This is the ingredient list from our food. Chicken Soup for the Dog Lovers Soul. ( I hate the name but it is a good food)

1.	Chicken
2.	Turkey
3.	Chicken Meal
4.	Turkey Meal
5.	Ground Brown Rice
6.	Ground White Rice
7.	Oatmeal/Rolled Oats
8.	Potatoes
9.	Pearled Barley
10.	Ground Millet
11.	Chicken Fat
12.	Duck
13.	Salmon
14.	Dried Egg Product
15.	Flaxseed
16.	Natural Chicken Flavor
17.	Dried Kelp 
18.	Carrots
19.	Peas
20.	Apples
21.	Dried Skim Milk
22.	Cranberry Powder
23.	Rosemary Extract
24.	Vitamins/Minerals


----------



## jim n (Nov 12, 2005)

Jessie, go to www.mordanna.com/dogfood. There is a lot of information on just about every dog food I've ever heard of.


----------



## monomer (Apr 21, 2005)

How much to feed? It depends upon the caloric content of the food you are feeding and its digestibility. It also depends upon your pup's activity level and the weather outside plus as your puppy ages, food requirements will also change. However, determining the correct amount of any food to feed with any dog is not so difficult... just let your fingers and eyes do it. Start feeding your dog say 5-cups a day (broken down into 2 meals per day) and conduct the 'rib/spine feel test' once a week. That's where you run your fingers across your dog's ribs and then down the spine, especially near the base of the tail (that's often one of the first places many dogs will pack on the fat)... if you can *'easily'* feel each rib and each vertebra of the spine then your dog is not too fat... however if you can actually see the ribs (ripples in the fur) and/or the spinal outline when viewing from the side then your dog is getting way too lean. Then just simply adjust the amount of dog food accordingly. In addition to the 'feel test' you should also observe that your dog maintains a 'belly tuck-up' just before the hind legs from the side-view and when viewing from above also (often term the 'hour-glass look'). If you cannot see a definite tuck-up and/or hour-glass shape then lookout your dog has gotten WAY, WAY TOO FAT! At that point reduce the food majorly and increase exercise.


----------



## Lucky's mom (Nov 4, 2005)

Oh no! Lucky's fat. Diet time.


----------



## monomer (Apr 21, 2005)

Lucky's mom said:


> Oh no! Lucky's fat. Diet time.


WHOA!!!!! hold on.... a very young puppy, say under 16-weeks should have some puppy fat and that pudgie puppy-look about them. Later at 4 or 5 or 6 months of age they should slowly turn into a long lanky teenager type of look... THAT'S WHEN you start expecting an hour-glass figure. Whew, I hope I got to you in time... poor puppy's probably starving... give that 'little one' another cup of kibble and tell him monomer's so sorry.


----------



## Lucky's mom (Nov 4, 2005)

monomer said:


> Whew, I hope I got to you in time... poor puppy's probably starving... give that 'little one' another cup of kibble and tell him monomer's so sorry.

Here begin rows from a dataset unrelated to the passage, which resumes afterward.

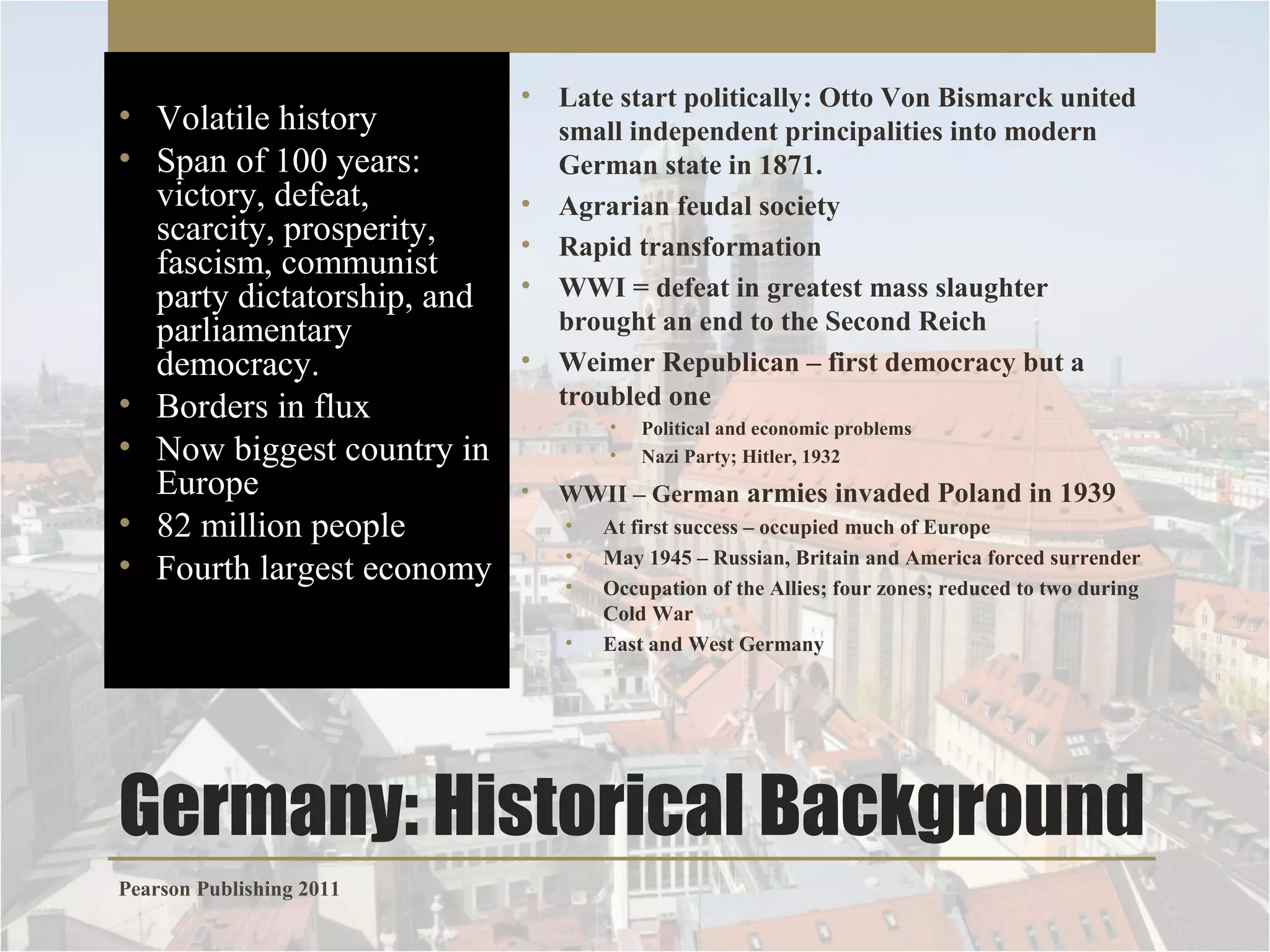 • Volatile history
• Span of 100 years:
victory, defeat,
scarcity, prosperity,
fascism, communist
party dictatorship, and
parliamentary
democracy.
• Borders in flux
• Now biggest country in
Europe
• 82 million people
• Fourth largest economy

• Late start politically: Otto Von Bismarck united
small independent principalities into modern
German state in 1871.
• Agrarian feudal society
• Rapid transformation
• WWI = defeat in greatest mass slaughter
brought an end to the Second Reich
• Weimer Republican – first democracy but a
troubled one
•
•

•

Political and economic problems
Nazi Party; Hitler, 1932

WWII – German armies invaded Poland in 1939
•
•
•
•

At first success – occupied much of Europe
May 1945 – Russian, Britain and America forced surrender
Occupation of the Allies; four zones; reduced to two during
Cold War
East and West Germany

Germany: Historical Background
Pearson Publishing 2011

 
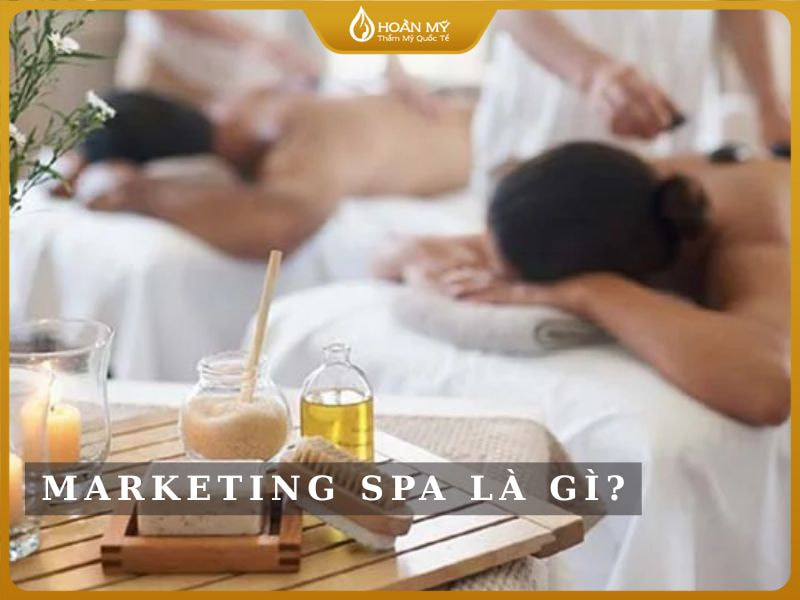 Marketing spa là gì?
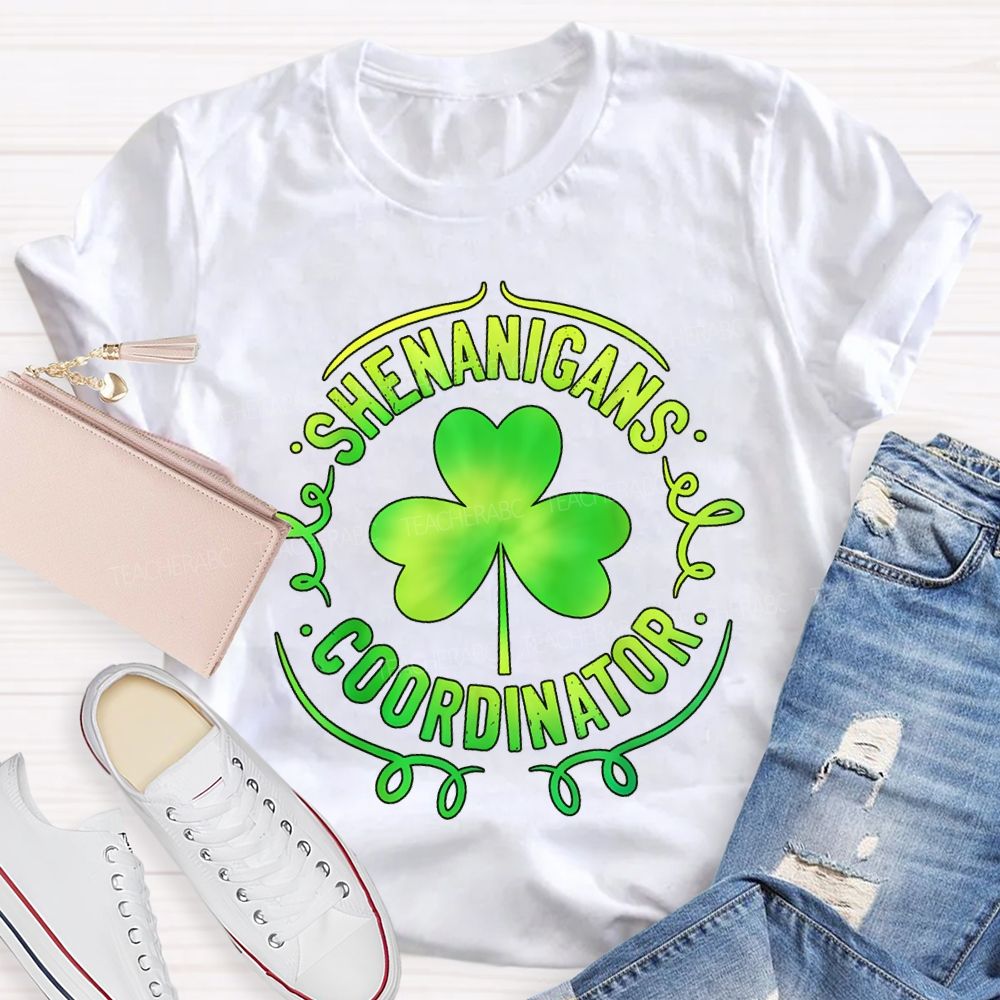 Shenanigans Coordinator Lucky Clover Teacher T-shirt
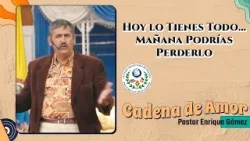 Hoy lo Tienes Todo… Mañana Podrías Perderlo | Pastor Enrique Gómez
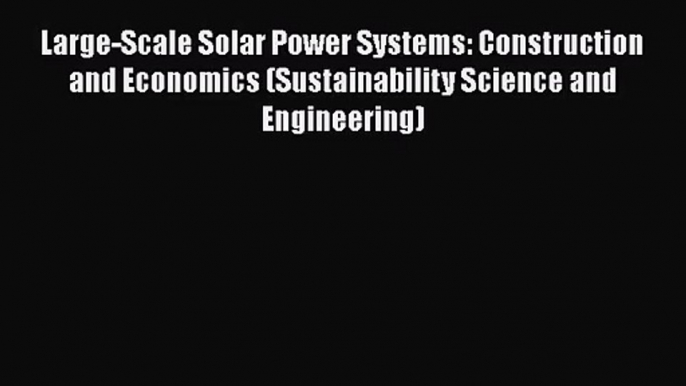 Large-Scale Solar Power Systems: Construction and Economics (Sustainability Science and Engineering)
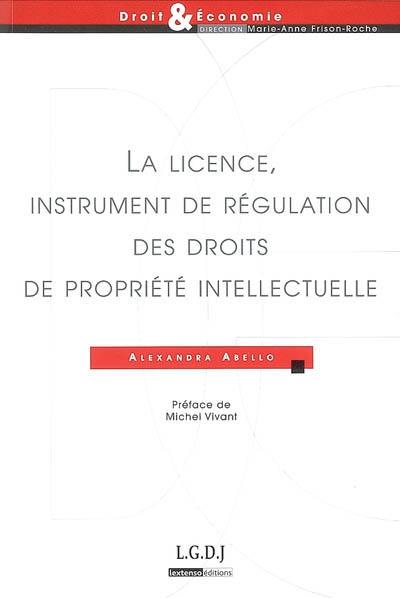 La licence, instrument de régulation des droits de propriété intellectuelle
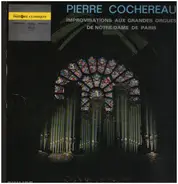 Pierre Cochereau - Improvisations Aux Grandes Orgues De Notre-Dame De Paris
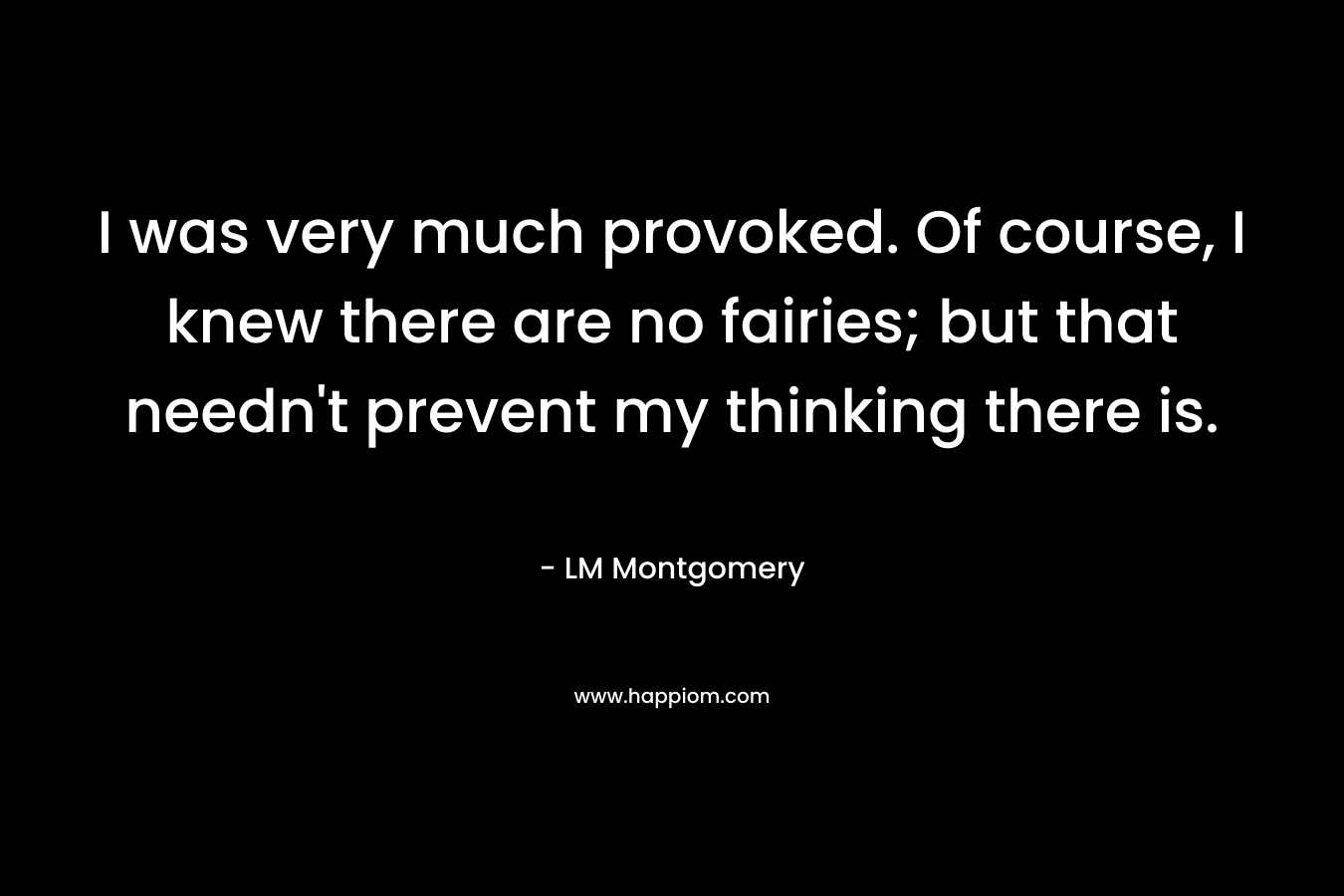 I was very much provoked. Of course, I knew there are no fairies; but that needn’t prevent my thinking there is. – LM Montgomery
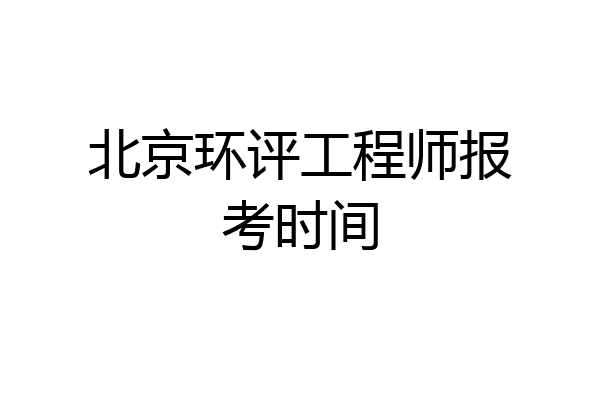 北京环评工程师报考时间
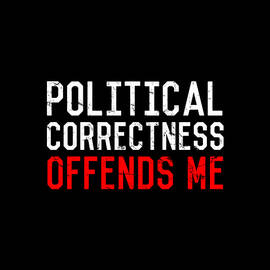 Political Correctness Offends Me by Flippin Sweet Gear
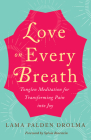 Love on Every Breath: Tonglen Meditation for Transforming Pain Into Joy Cover Image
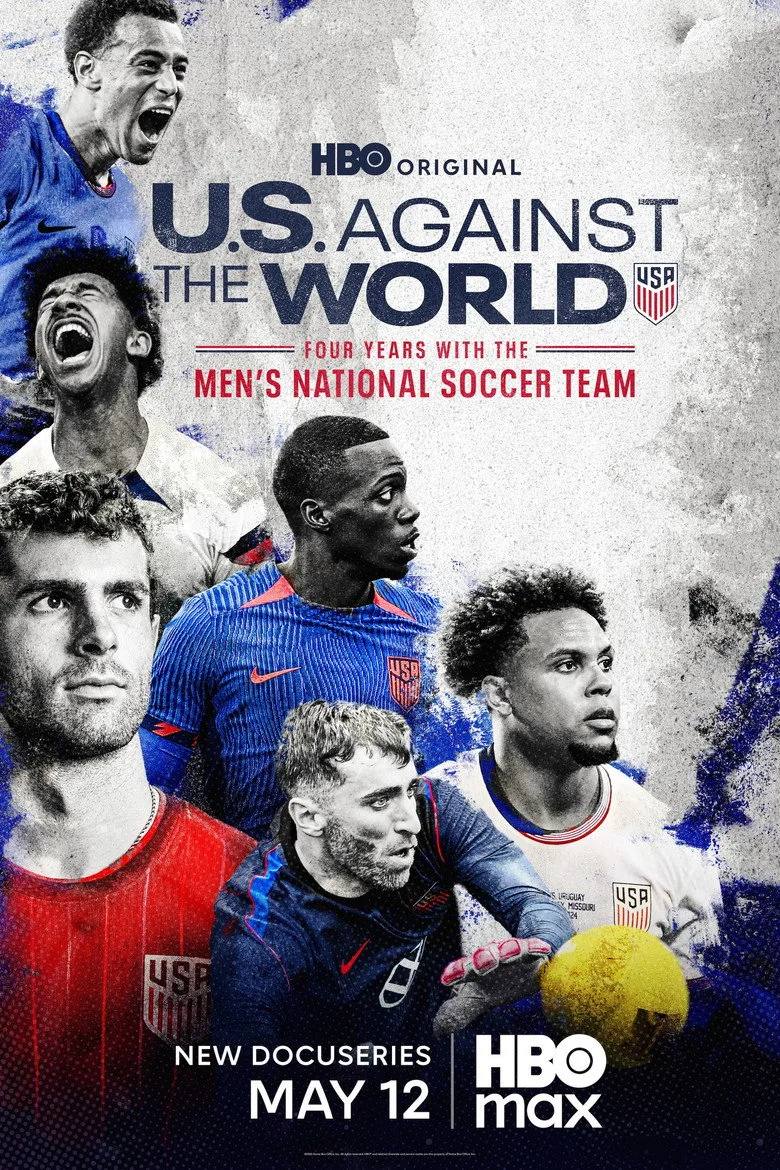 U.S. Against the World: Four Years with the Men's National Soccer Team posteri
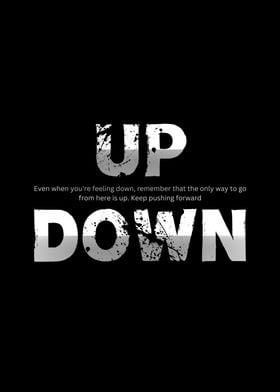 Up Down Motivational Quote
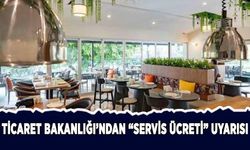 Ticaret Bakanlığı'ndan "servis ücreti" uyarısı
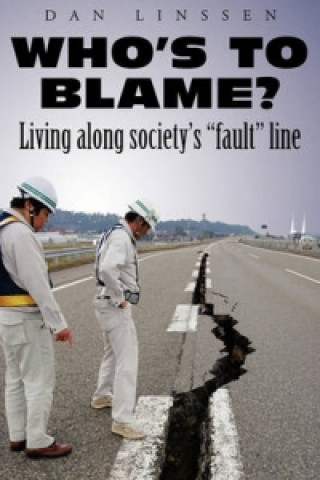 Who's to Blame? Living Along Society's Fault Line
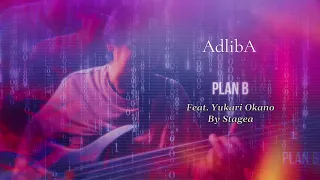 Plan B［Talk On Bass］AdlibA feat. Yukari Okano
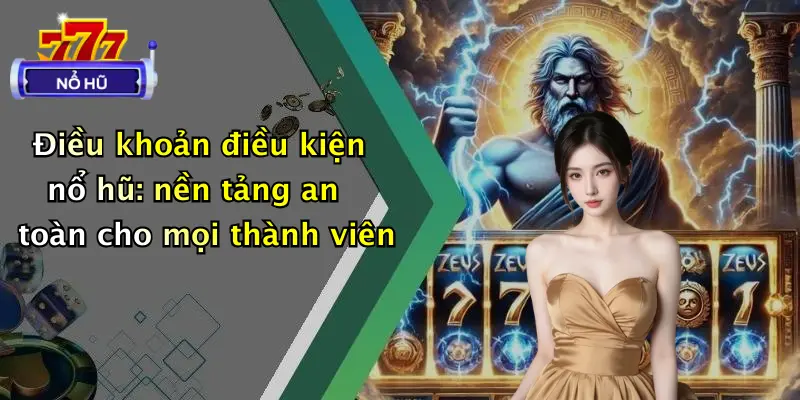 Điều khoản điều kiện nổ hũ: nền tảng an toàn cho mọi thành viên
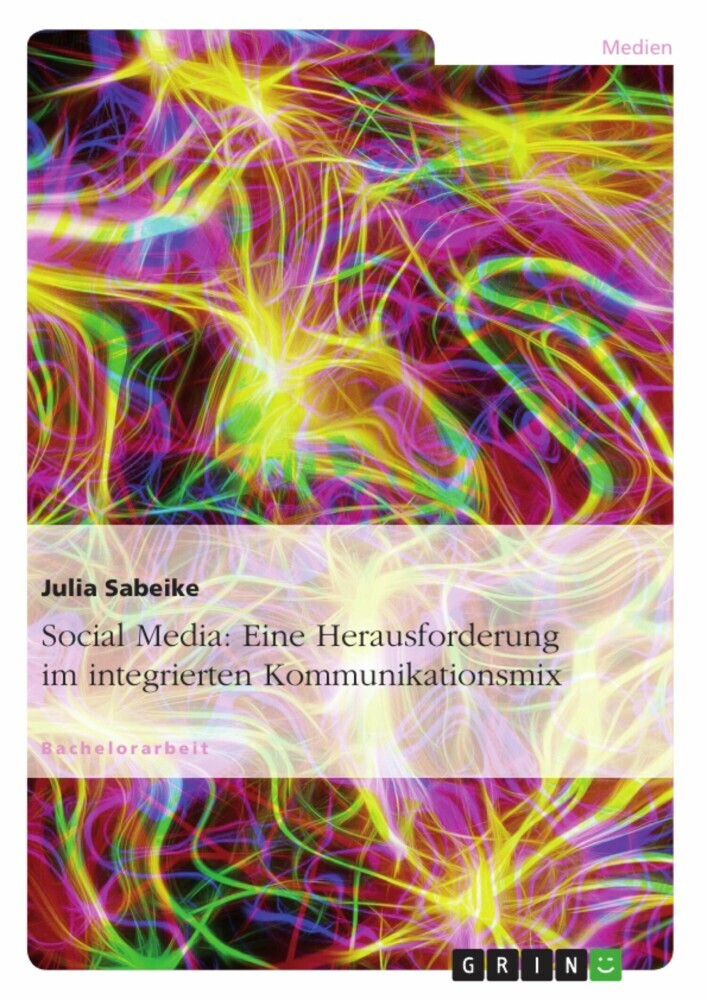Social Media: Eine Herausforderung im integrierten Kommunikationsmix main product photo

:lol: Oh...don't worry. You haven't starved him. And he's a very forgiving puppy. He's probably fine, but I have worried abit about his weight. He's not FAT but seemed abit more heavy in his middle then he ought to. In truth, he's had a few "diets" but when he started growing so fast I stopped worrying about it so much.


----------



## Jessie (Dec 18, 2005)

Thank you for your replies.

Timberwolfe, I have made a copy of your list and will compare ingredients with other dog foods and then look up the one I like best on the website Jim recommended.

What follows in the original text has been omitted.